Norme relative aux ponts sur les terres du domaine de l'État

Le Ministère a élaboré la Norme relative aux ponts sur les terres du domaine de l'État (Format PDF, 134 Ko) – mise à jour en avril 2013) pour encadrer et uniformiser toutes les interventions effectuées sur les ponts, notamment la conception, la construction, la réfection, l'amélioration et l'évaluation de la capacité portante. Quiconque construit un pont ou effectue des travaux sur un pont existant devra se conformer aux exigences contenues dans cette norme.


Affichage de la capacité portante des ponts

En tant que propriétaire des ponts situés sur les terres du domaine de l'État, le Ministère est responsable de l'affichage de leur capacité portante. Il est également responsable de l'inspection et de l'évaluation des ponts, de la production des avis de capacité et de l'installation des panneaux.

Toutefois, la Loi sur la santé et la sécurité du travail (S-2.1) oblige tous les employeurs à prendre les mesures nécessaires pour assurer la sécurité des travailleurs. Plus précisément, en vertu du Règlement sur la santé et la sécurité dans les travaux d’aménagement forestier (S-2.1, r. 12.1), les employeurs doivent s’assurer que les ponts utilisés par les travailleurs forestiers sont sécuritaires et que la capacité portante de ces ponts est affichée sur les lieux.

Quiconque désire procéder à l'affichage de la capacité portante d'un pont, dans le cas où le Ministère ne l'a pas déjà fait, ou modifier l'affichage d'un panneau déjà installé par le Ministère, doit suivre les étapes décrites dans la Procédure d'affichage de la capacité portante des ponts (Format PDF, 81,3 Ko – mise à jour en janvier 2014).

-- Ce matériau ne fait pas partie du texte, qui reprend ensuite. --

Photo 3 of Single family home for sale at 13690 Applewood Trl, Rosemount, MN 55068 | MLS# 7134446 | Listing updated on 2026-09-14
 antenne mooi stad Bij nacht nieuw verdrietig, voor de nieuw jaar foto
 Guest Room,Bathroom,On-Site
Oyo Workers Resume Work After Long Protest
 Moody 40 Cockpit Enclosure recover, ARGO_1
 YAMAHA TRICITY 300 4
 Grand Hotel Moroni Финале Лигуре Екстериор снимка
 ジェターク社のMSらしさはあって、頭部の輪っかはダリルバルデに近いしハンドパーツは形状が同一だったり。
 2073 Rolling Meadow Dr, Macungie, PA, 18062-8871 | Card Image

Procédure de demande de passage sur un pont avec une charge
super lourde

Un propriétaire de camion qui désire circuler sur un pont avec une charge supérieure à celle affichée ou avec un camion dont la configuration diffère des camions affichés doit obtenir un permis de passage avec une charge super lourde. La marche à suivre pour obtenir ce permis est décrite dans la Procédure de demande de passage avec une charge super lourde (Format PDF, 120 Ko).


Fermeture de chemins du domaine de l'État

Depuis décembre 2006, la Loi sur le ministère des Ressources naturelles et de la Faune (M-25.2) permet à son ministre de fermer un chemin sur les terres du domaine de l'État. Les citoyens, les entreprises ou les organismes peuvent adresser une demande de fermeture temporaire ou permanente d'un tel chemin.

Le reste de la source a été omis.